After the abrupt conversion from in-person to online instruction amid the pandemic’s surge in March, the higher education community spent much of the summer focused on reopening this fall.
Yet, on a quieter front, college administrators sustained a parallel push: Keeping the prospective student funnel active–and college application levels high–for the high school class of 2021.

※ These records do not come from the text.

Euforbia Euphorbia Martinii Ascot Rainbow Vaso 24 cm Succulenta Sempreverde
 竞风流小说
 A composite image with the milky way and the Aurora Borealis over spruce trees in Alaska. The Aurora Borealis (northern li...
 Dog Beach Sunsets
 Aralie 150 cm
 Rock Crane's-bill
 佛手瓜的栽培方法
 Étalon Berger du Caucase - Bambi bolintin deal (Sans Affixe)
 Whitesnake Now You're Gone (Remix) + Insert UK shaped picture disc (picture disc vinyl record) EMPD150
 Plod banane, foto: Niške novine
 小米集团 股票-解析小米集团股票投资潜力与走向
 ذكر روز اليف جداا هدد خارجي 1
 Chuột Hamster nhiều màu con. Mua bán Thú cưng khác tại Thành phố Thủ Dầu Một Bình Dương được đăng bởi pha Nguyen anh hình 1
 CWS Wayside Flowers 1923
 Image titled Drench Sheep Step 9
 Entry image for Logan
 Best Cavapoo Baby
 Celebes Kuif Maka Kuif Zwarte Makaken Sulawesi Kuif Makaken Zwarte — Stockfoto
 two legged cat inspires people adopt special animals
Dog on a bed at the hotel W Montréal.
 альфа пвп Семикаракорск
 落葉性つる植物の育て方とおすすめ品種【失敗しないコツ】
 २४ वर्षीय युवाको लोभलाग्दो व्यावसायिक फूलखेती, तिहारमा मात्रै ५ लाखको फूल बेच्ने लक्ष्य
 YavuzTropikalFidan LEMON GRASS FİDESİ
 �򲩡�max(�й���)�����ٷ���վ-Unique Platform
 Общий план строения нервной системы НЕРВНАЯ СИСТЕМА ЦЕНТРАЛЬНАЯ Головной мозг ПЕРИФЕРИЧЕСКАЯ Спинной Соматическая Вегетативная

The recruitment process, a critical CX element in maintaining a robust applicant pipeline, underwent a number of modifications in order to keep students in the mix. Technology emerged as a core driver, facilitator, and, in some ways, an obstacle for college-minded high schoolers as they prepared for, applied to, and considered colleges and universities nationwide.
A big piece of the puzzle
Perhaps the largest non-classroom components of pre-college preparations are the standardized ACT and SAT tests, which dominate high school juniors’ discussions for months.
Inside Higher Ed reports that one year ago, around 1.8 million students, or 52% of the class of 2019, took the ACT. College Board reports that nearly 2.2 million, or 64% of the high school graduating class of 2020, took the SAT. Of those, approximately half did so during in-school testing days.
When schools shut down in the spring of 2020, however, in-school testing experienced cancellations, leaving most juniors on their own. Subsequently, as high school facilities remained closed into the summer, numerous Saturday testing dates faced cancellations as well.
Although many called for remote testing to cushion the falloff in sessions, the developers of the ACT and SAT refrained from moving the tests online. Instead, the ACT stuck to its plan to roll out an online option for remote students in the fall of 2020—too late for the class of 2021. Similarly, the College Board, which oversees the SAT program, initially planned to speed up an at-home offering but changed its mind in June.
To the students’ relief, in recognition of the ACT and SAT logistical challenges, Fairtest reports that more than 1,600 institutions made testing requirements optional this fall.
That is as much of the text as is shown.